Old Fulton New York Postcards
- Founded: 1999; 27 years ago in Fulton, Oswego County, New York, United States
- Headquarters: Fulton, Oswego County, New York, United States
- Owner: Tom Tryniski
- Number of employees: 1
- Website: fultonhistory.com

= Fultonhistory.com =

Newspaper archive

Fultonhistory.com (also known as Old Fulton New York Postcards) is an archival historic newspaper website of over 1,000 New York newspapers, along with collections from other states and Canada. As of February 2018, the website had almost 50 million scanned newspaper pages.

==History==
The large amount of content on the site, at least three times as large as the National Digital Newspaper Program's Chronicling America site as of 2013, is also notable because the site is operated by one person, Tom Tryniski, of Fulton, New York.

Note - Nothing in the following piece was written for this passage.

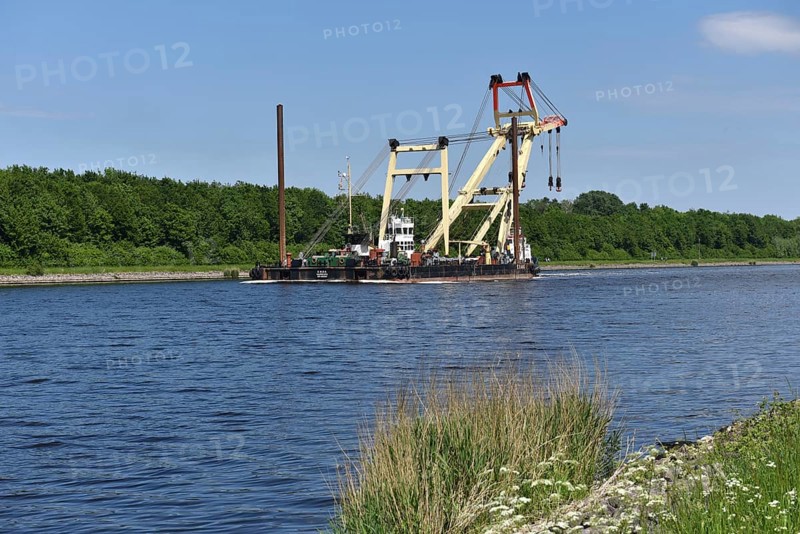 The 600 tonne floating crane, salvage crane, ship crane, crane ship, crane ENAK in the Kiel Canal, Kiel Canal, Schleswig-Holstein, Germany, Europe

He began running the website in 1999 with a collection of old postcards of Fulton. Subsequently, he scanned the entire run of the Oswego Valley News, the primary newspaper for Oswego County, New York where Fulton is located. In 2003, Tryniski purchased a microfilm scanner to expand his scanning project. As of May 2013, he is scanning approximately 250,000 pages per month.

As of December 2013, the site averaged six million page views per month. The website has retained its URL and "Old Fulton Post Cards" name despite its much expanded scope.